**How to complete this task:** After locating the line that contains "Courbe de l'humidit" in the material below, copy that line and each one following it, exactly, up to the last line. Pictures stay out.

**Given data:**
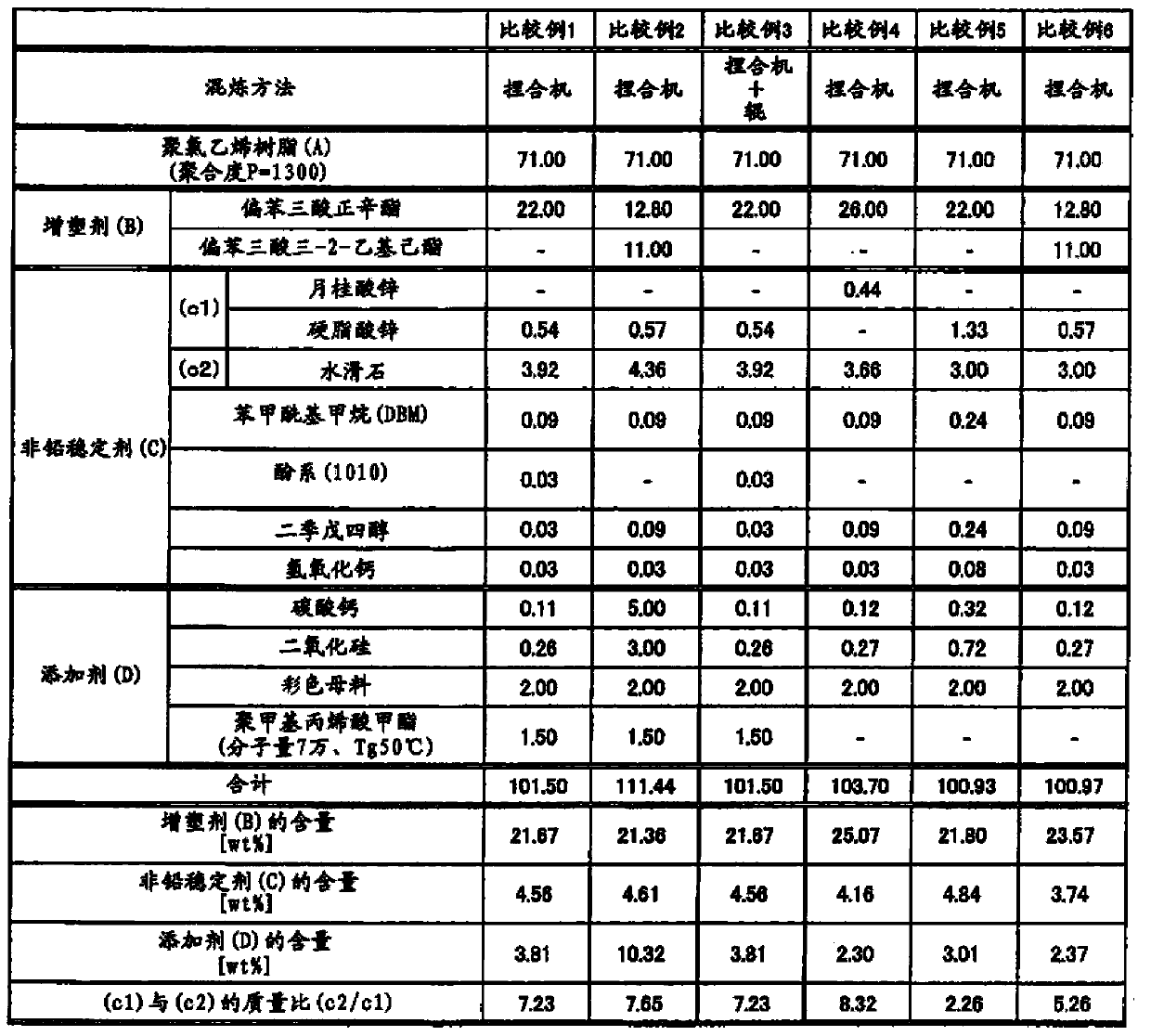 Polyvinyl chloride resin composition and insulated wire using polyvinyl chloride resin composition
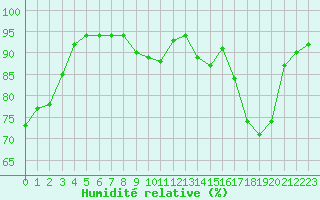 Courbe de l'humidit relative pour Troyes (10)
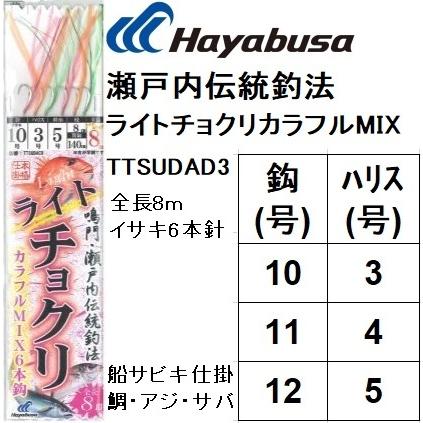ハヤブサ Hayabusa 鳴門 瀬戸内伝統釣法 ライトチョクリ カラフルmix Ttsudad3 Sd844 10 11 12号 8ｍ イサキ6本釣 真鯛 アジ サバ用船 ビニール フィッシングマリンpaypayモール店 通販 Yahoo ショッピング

**Final answer:**
 Courbe de l'humidit relative pour Troyes (10)
ハヤブサ Hayabusa 鳴門 瀬戸内伝統釣法 ライトチョクリ カラフルmix Ttsudad3 Sd844 10 11 12号 8ｍ イサキ6本釣 真鯛 アジ サバ用船 ビニール フィッシングマリンpaypayモール店 通販 Yahoo ショッピング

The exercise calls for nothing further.